See also: Top Scholarships for Online Students


Some students find that an online education simply does not fit their learning style. There is little to no in-person interaction with professors and peers in online courses, meaning that most of the learning is self-motivated and done through reading. Online learners must possess the self-discipline to stay on top of deadlines and balance classwork with other commitments.

It’s also important to know that the quality of online degree programs vary by institution. If you’re considering taking online courses, be sure to research the school to make sure it’s legitimate, properly accredited, and has a track record of preparing students for success after graduation.

College alternative #4: Military 

The military consists of six branches including the Army, Marine Corps, Navy, Air Force, Space Force and Coast Guard. Everyone who enlists in the military takes on a minimum eight year service obligation, but this does not mean all eight years have to be spent on active duty. Learn more about the different branches of the military at the U.S. Department of Defense

Options after completion 

Some join the military and find rewarding, lifelong careers as service members while others fulfill their obligation to the military and then pursue a college education. Additionally, many use their time in the military as the foundation for a civilian career. According to Business Insider, military veterans often transition into fields such as healthcare, public administration, information technology, financial services, education, and law enforcement. 


The military offers competitive pay, comprehensive health care coverage, housing, and the opportunity to travel around the world. Additionally, the military can help pay for college or pay off college loans. Most enlistees are eligible for 100 percent of college tuition through the Tuition Assistance Program (TAP) while on active duty. And of course, there are intangible rewards to joining the military such as gaining self-discipline, leadership skills, and work ethic. Learn more about the benefits of joining the military at 


Joining the military is a serious commitment that requires a lot of hard work and sacrifice. There’s always the chance of enduring physical or emotional damage while on duty, and enlistees must endure long periods of time away from their friends and family. 
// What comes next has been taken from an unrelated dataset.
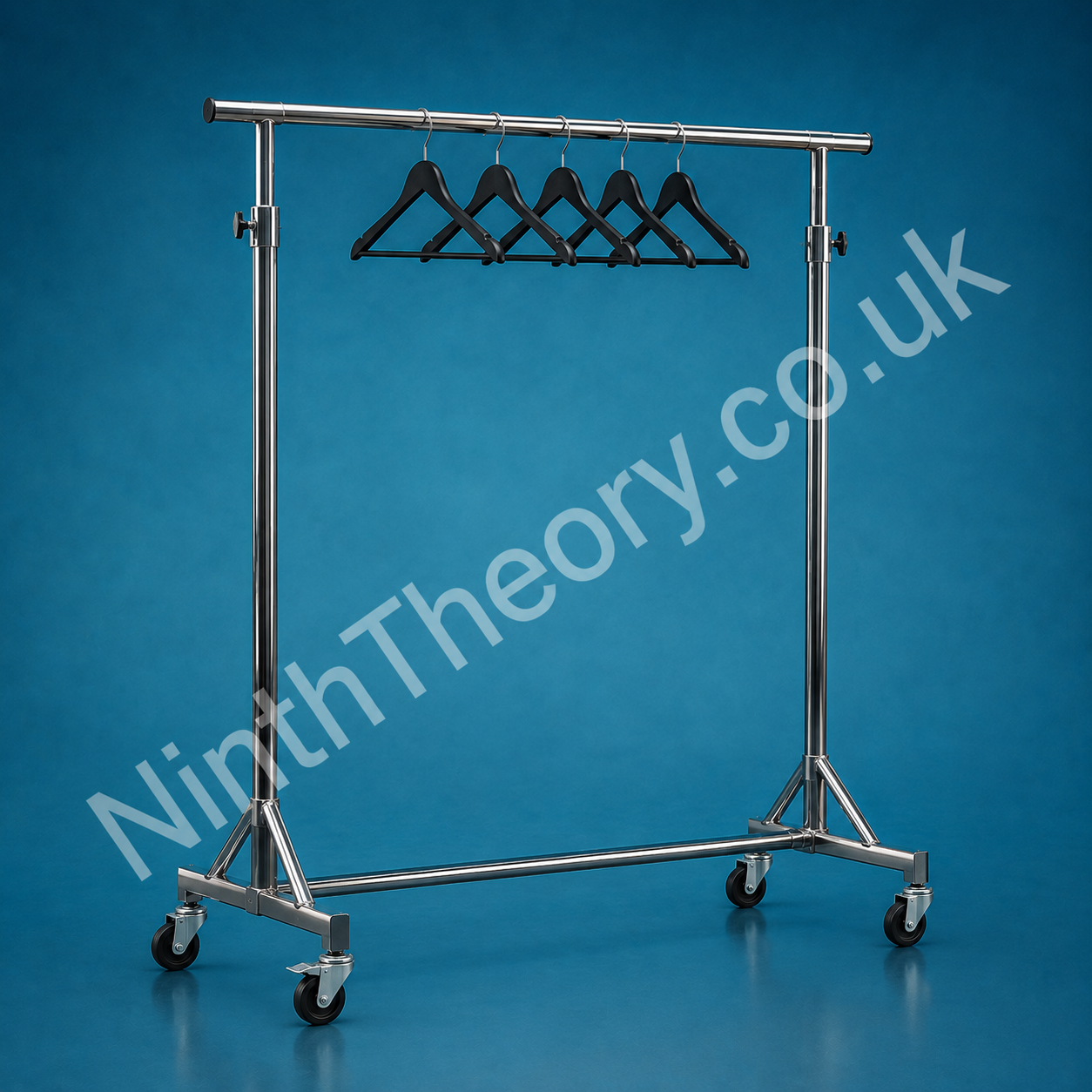 Chrome clothing rail with black hangers rental image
College alternative #5: Trade school 

Also known as career schools or technical schools, trade schools are post-secondary institutions designed to provide students with the specialized job training needed for specific occupations.

Options after completion

Students who go to trade school often pursue careers in fields such as carpentry, automotive maintenance, HVAC, information technology, nursing, cosmetology, and electrical engineering. 
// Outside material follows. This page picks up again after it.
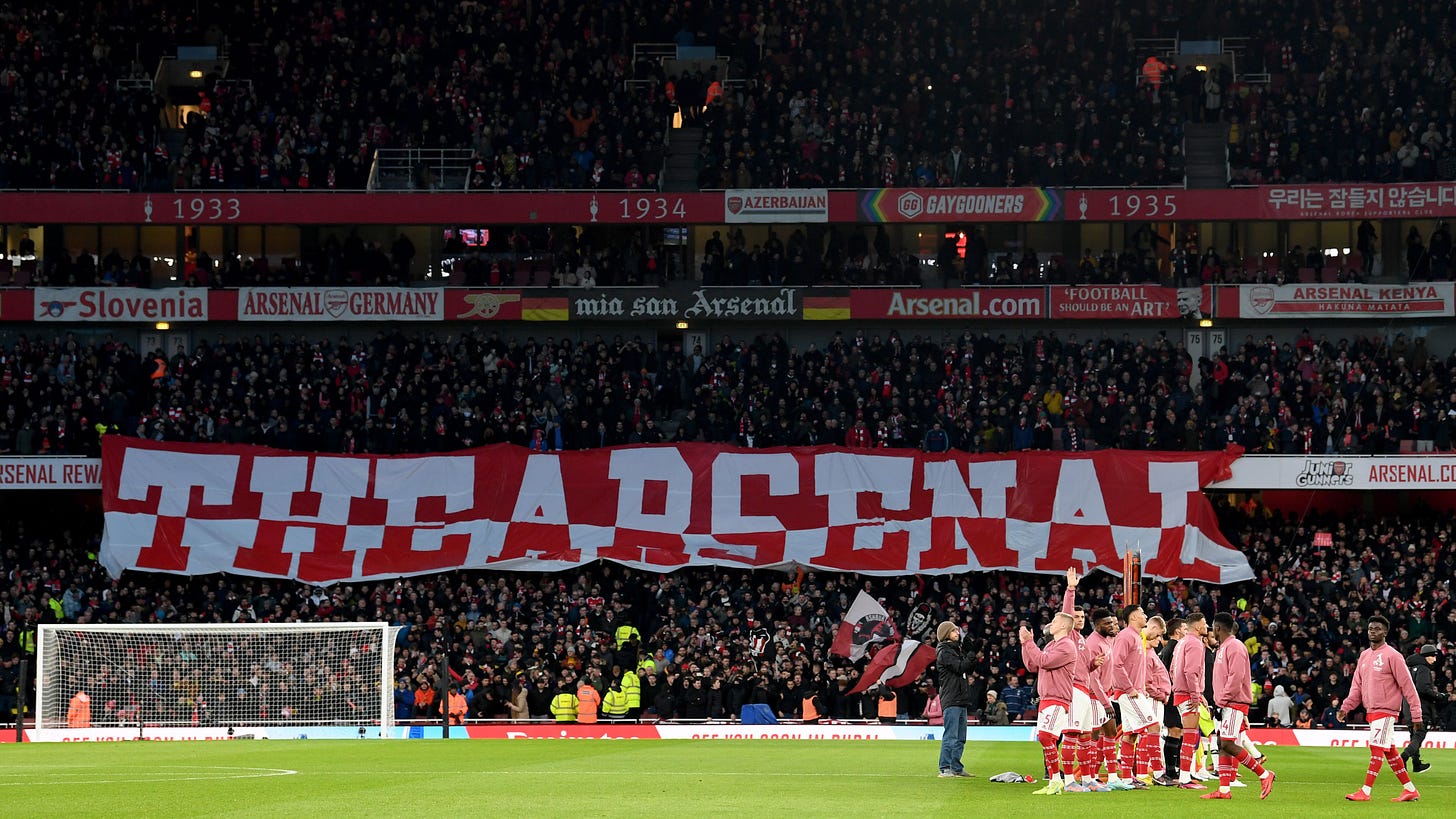 Our Gunners lining up for kick off with "The Arsenal" flag in the stands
Trade school programs are very affordable compared to four-year colleges and universities. Additionally, trade school programs are relatively short and are usually completed in two years or less. Trade school is a great option for high school graduates looking to launch their career in a specific skilled trade profession as quickly as possible. 
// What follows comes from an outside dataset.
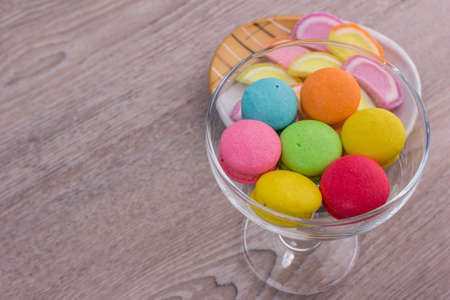 Sweet colorful macaroons on a wood backgroundの写真素材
Students who earn a trade school certificate typically can only enter a specific profession. Bachelor’s degree holders have the option to pursue a variety of careers. Additionally, on average trade school jobs tend to pay less than college-based jobs. However, this varies greatly depending on the industry. Take a look at this report by College Finance to gain a better understanding of how trade school salaries compare to college degree salaries.

Other alternatives

Of course, there are other alternatives to college than the ones we’ve discussed. Other options include performing volunteer work for a program such as AmeriCorps or PeaceCorps. Other options are getting an entry-level job to save up money, or simply taking a gap year to explore your interests and figure out your plans for the future.